# Feed Me Brains is back!



## jd13 (Sep 5, 2008)

Hey fellow Halloween Forum members!

I'm happy to announce the return of my Zombie/Horror/Halloween website, *Feed Me Brains*! After server issues and some personal family things last year, the site went down for several months. Unfortunately all of the content was lost, but I'm getting started again. Take a look and help me get the word out...

*Feed Me Brains*

The site is a fun and unique blend of movie reviews, zombie content, Halloween and horror news, and most importantly, Halloween prop reviews. So far there are two quality reviews which may be of interest to the forum readers - and MANY more on the way...

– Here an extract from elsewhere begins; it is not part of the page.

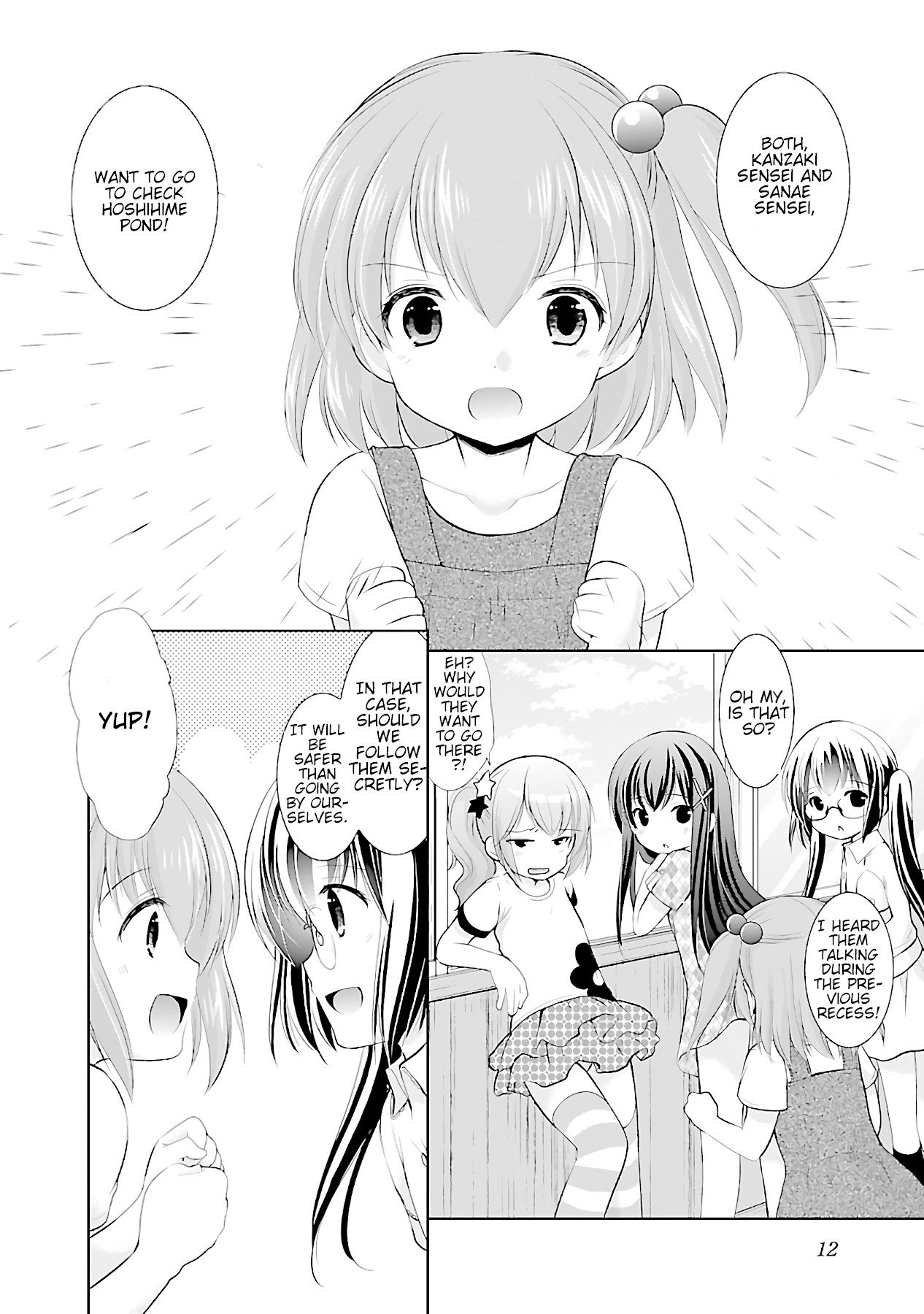 Hoshihimemura no Naishobanashi Chapter 13 page 14 - Chapter 13: Recalling The Past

Life-Size Animated Michael Myers | Feed Me Brains

Chest Splitting Zombie Animated Prop | Feed Me Brains

The site has links for you to follow me on Twitter and YouTube (which has several videos of my past haunts!)

Feedback is welcome and appreciated!

- Feed Me Brains


----------



## Jeffhawk (Nov 16, 2009)

I was looking at your comments about the chest splitting zombi,it doesnt look that bad,ive seen a lot worse.but the good thing is its got lots of room for improvement, not to mention placement of it would be critical(strobe lights -fog-or a dark corner.when i get props like that i put clear coat on the guts& blood to make it fresh looking or a new coat of dark red...I also saw you advertised a freddy k, but couldnt find any thing on him,Im very interested in one if ya got em.you can pm me or drop an email,[email protected] saw the mike myers last year and was very disapointed in it,so i got a new jason,however if I find an old mike i might get him.


----------



## jd13 (Sep 5, 2008)

Hey man, I'm not sure how I missed this comment from so long ago but thanks for responding! I didnt think anybody even visited the site (which I haven't updated in a while anyway)

My chest splitting zombie is still going strong and I love it! I do have a first generation life size Freddy from Gemmy but it's not for sale at the moment. I may be selling my entire collection in the near future but I'll definitely be posting here if I do that...


----------